- [Data shown]
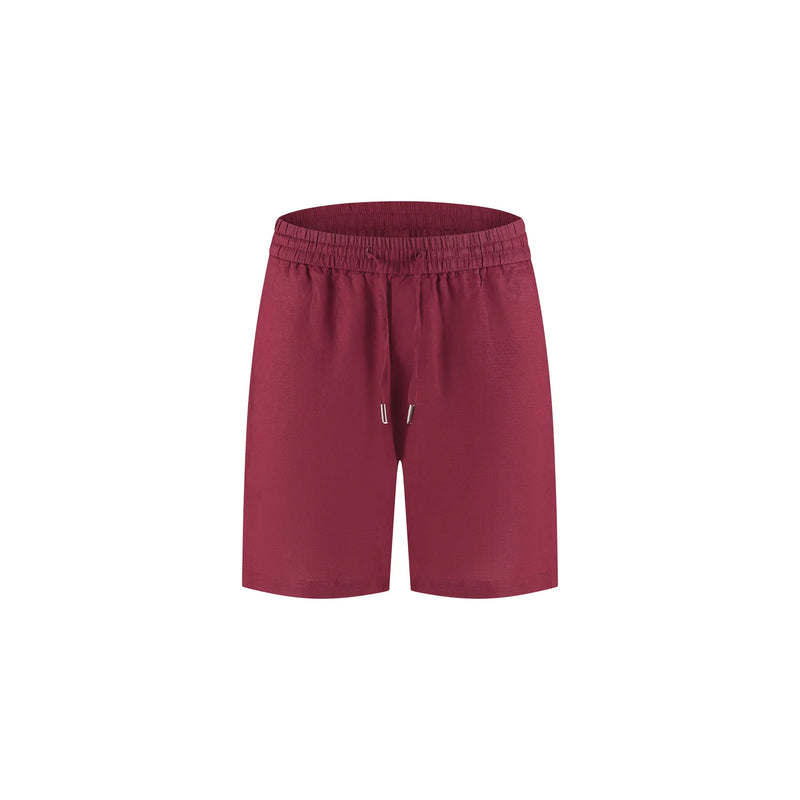 Maroon shorts on a white background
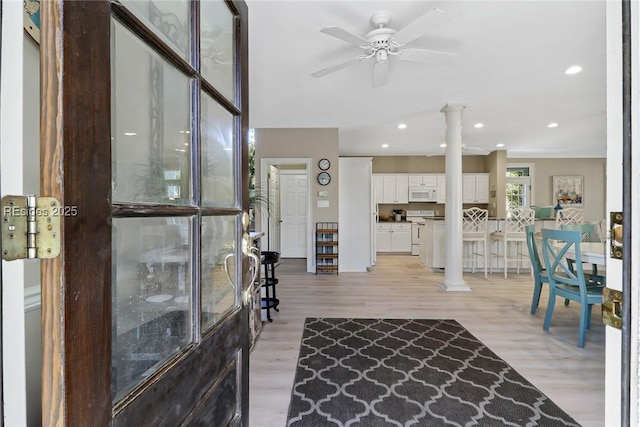 living room featuring decorative columns, ceiling fan, and light wood-type flooring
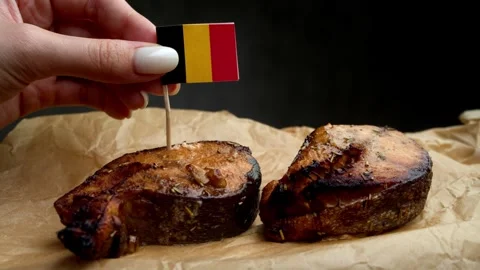 Belgian flag on grilled fish, symbol of North Sea seafood for Belgian market. Stock Footage 323010155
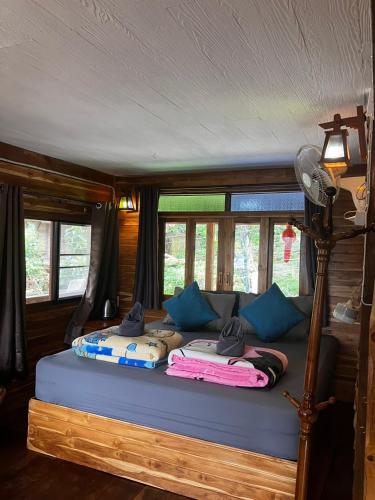 a bed in a room with some pillows on it at Baan IngDao MaekamPong Chiang Mai in Ban Pok Nai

- [Assignment]
Transcribe all of the material exactly, leaving out whatever pictures it contains.

- [Expected output]
 Maroon shorts on a white background
 living room featuring decorative columns, ceiling fan, and light wood-type flooring
 Belgian flag on grilled fish, symbol of North Sea seafood for Belgian market. Stock Footage 323010155
 a bed in a room with some pillows on it at Baan IngDao MaekamPong Chiang Mai in Ban Pok Nai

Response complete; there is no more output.